You are viewing a plain text version of this content. The canonical link for it is here.
Posted to user@hbase.apache.org by "Taylor, Ronald C" <ro...@pnl.gov> on 2011/03/17 18:55:14 UTC

problem bringing Hbase back up after power outage and removal of nodes

Folks,

We had a power outage here, and we are trying to bring our Hadoop/HBase cluster back up. Hadoop has been just fine - came up smoothly. HBase has not. Our HBase master log file is filled with just one msg:

2011-03-17 10:50:08,712 INFO org.apache.hadoop.hbase.util.FSUtils: Waiting for dfs to exit safe mode...
2011-03-17 10:50:18,714 INFO org.apache.hadoop.hbase.util.FSUtils: Waiting for dfs to exit safe mode...

After the power outage, before we tried bringing things back up, we took several nodes off-line, as their hard drives were failing and needed replacing. Don't know if the loss of those nodes has anything to do with the error msg that we are seeing.
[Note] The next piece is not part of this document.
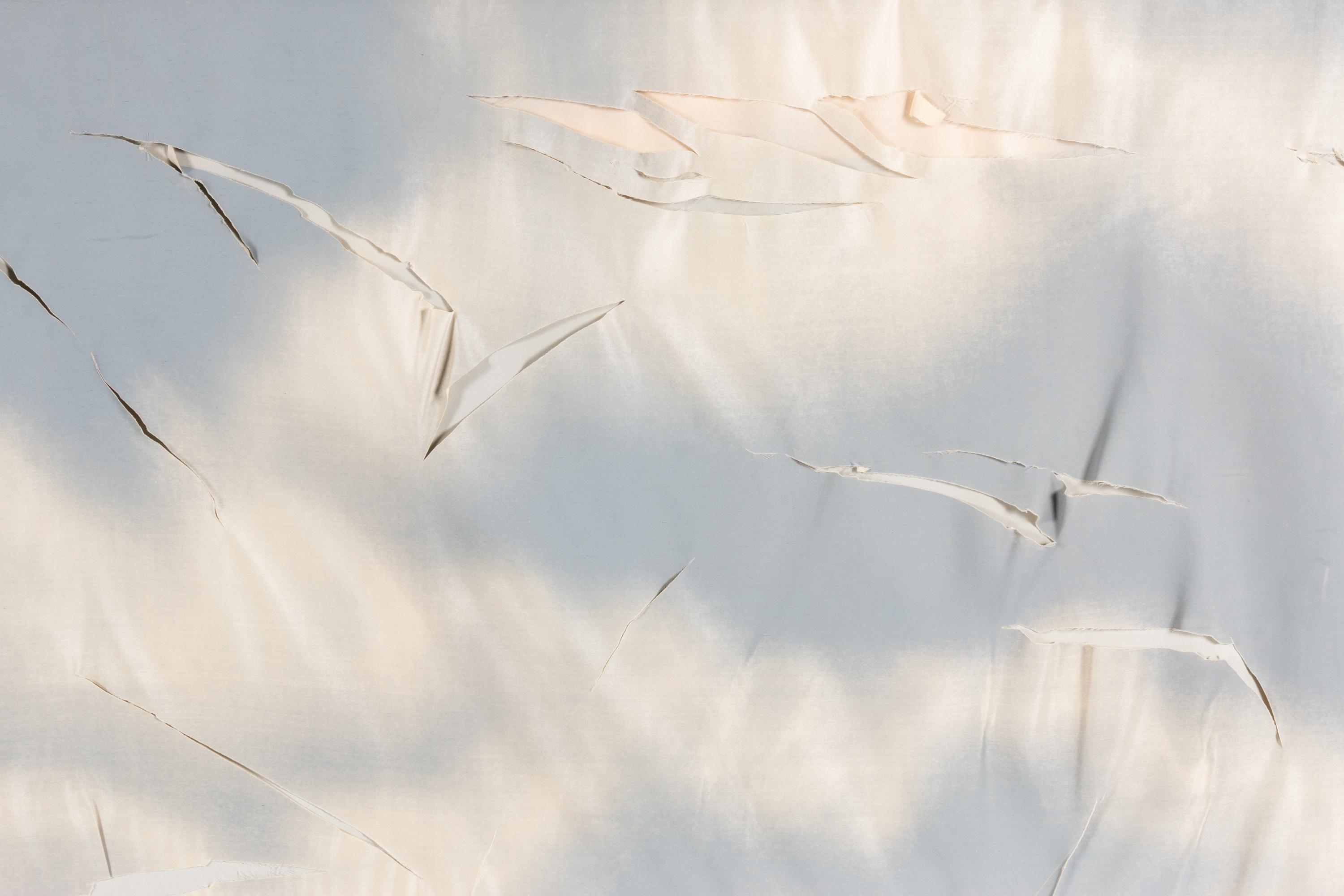 Untitled from Wash and Tear Series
Could anybody give us some advice as to where to look for the cause of the HBase failure? We would very much appreciate guidance.

Ron

Ronald Taylor, Ph.D.
Computatational Biology & Bioinformatics Group
Pacific Northwest National Laboratory (U.S. Dept of Energy/Battelle)
Richland, WA 99352
phone: (509) 372-6568
email: ronald.taylor@pnl.gov



Re: problem bringing Hbase back up after power outage and removal of nodes

Posted by Ryan Rawson <ry...@gmail.com>.
If you are in safe mode it's because not all datanodes have reported
in.  So actually NO your hadoop did NOT come up properly.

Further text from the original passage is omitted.